Section 27 grants jurisdiction to the federal courts and provides for venue and service of process. It creates no cause of action of its own force and effect; it imposes no liabilities. The source of plaintiff's rights must be found, if at all, in the substantive provisions of the 1934 Act which they seek to enforce, not in the jurisdictional provision.

 Touche Ross, 442 U.S. at 577, 99 S. Ct. at 2490.

 As the duties created by §§ 6(b) and 15A(b)(6) no longer can be enforced through § 27, the cause of action would have to be implied from §§ 6(b) and 15A(b)(6) standing alone. Sections 6(b) and 15A(b)(6) do not, by themselves, create a private cause of action. The Touche Ross Court limited statutes from which private causes of action could be implied to those statutes which "prohibited certain conduct or create federal rights in favor of private parties." Id. at 569, 99 S. Ct. at 2485. The Jablon court had found that neither § 6(b) nor § 15A(b)(6) conferred rights on private parties or proscribed conduct as unlawful. Jablon, 614 F.2d at 680-81. As no intent to delegate the authority to create private rights of action can be implied from the statutes authorizing NYSE and NASD rules, no private right of action can be conferred by the rules themselves.

 In addition to the lack of language suggesting Congressional intent to delegate authority, other indications of legislative intent also suggest that Congress did not intend to extend such authority. There is no mention of private causes of action in the legislative history, and the statutory scheme of the SEA suggests that private causes of action were not to be implied. Several provisions in the SEA explicitly provide for private causes of action, raising the inference that those not containing such provisions were not intended to contain them. Also, the statutory scheme contemplates self-regulation and enforcement of the rules by exchanges and associations, suggesting that Congress intended such self-regulation to be the only means of enforcement. See Juster v. Rothschild, Unterberg, Towbin, 554 F. Supp. 331, 333 (S.D.N.Y.1983); Colman v. D.H. Blair & Co., 521 F. Supp. 646, 654 (S.D.N.Y.1981). Therefore, given that legislative intent clearly requires that no private cause of action be implied, any claims for relief based on the rules are dismissed.

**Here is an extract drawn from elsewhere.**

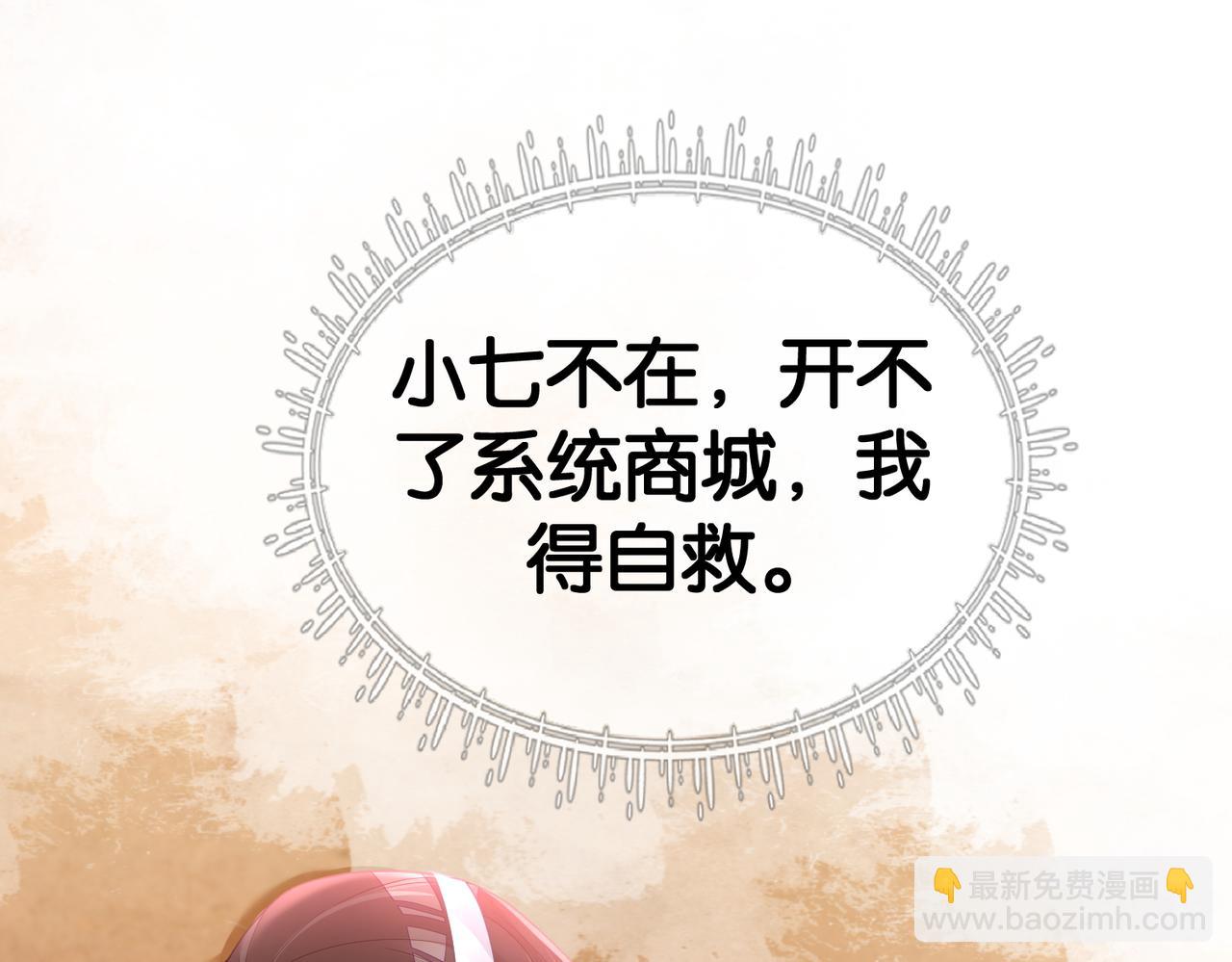 第83话 曲嫣被绑架！75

 B. Insufficiency of Pleading

 The defendants have advanced four separate arguments seeking to dismiss various elements of the complaint for insufficient pleading. First, the defendants argue that the entire complaint fails to satisfy Federal Rule of Civil Procedure 8(a) which requires, inter alia, "a short and plain statement of the claim showing the pleader is entitled to relief." The Court finds that the plaintiff adequately has demonstrated some entitlement to relief if the facts alleged are proven true, and therefore the Court denies the motion to dismiss for failure to plead a cause of action.

 The other three contentions require more discussion. The defendants argue that all allegations of fraud in the complaint are insufficiently pled under the stricter pleading standards of Federal Rule of Civil Procedure 9(b). The defendants further suggest that the plaintiffs have only pled dissatisfaction with their broker's performance, which fails to establish a cause of action under the federal securities antifraud provisions. Lastly, the defendants contend that the plaintiffs have failed to allege sufficient facts to support a claim for churning.

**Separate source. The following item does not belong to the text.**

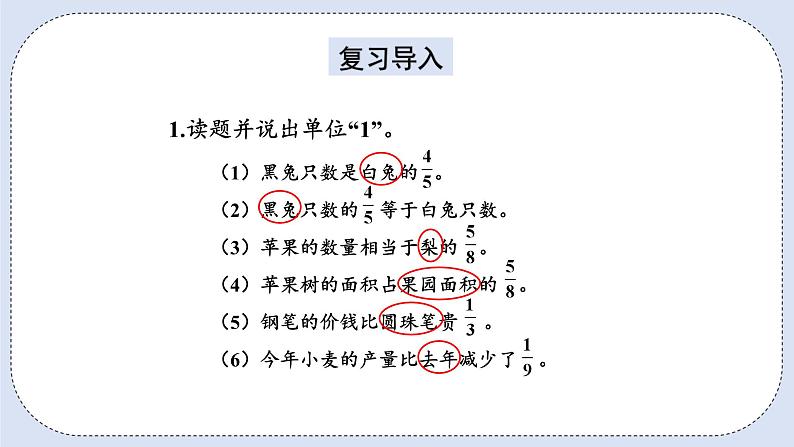 人教版数学六年级上册 1.9 解决问题 课件02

 Although the plaintiffs' counsel have been very general in drafting their pleadings, the Court still finds the pleadings sufficient to withstand the motion to dismiss.

 1. Fraud

 Federal Rule of Civil Procedure 9(b) sets the standard for pleading fraud. Rule 9(b) provides that "in all averments of fraud or mistake, the circumstances constituting fraud or mistake shall be stated with particularity." This rule applies not only to common law fraud, but also to fraud claims under the federal securities laws. See, e.g., Ross v. A.H. Robins Co., 607 F.2d 545, 557-59 (2d Cir.1979), cert. denied, 446 U.S. 946, 100 S. Ct. 2175, 64 L. Ed. 2d 802 (1980). In the context of the federal securities laws, that rule has been interpreted to mean that "[a] plaintiff alleging fraud in a securities transaction must specifically allege the acts or omissions upon which the claim rests." Id.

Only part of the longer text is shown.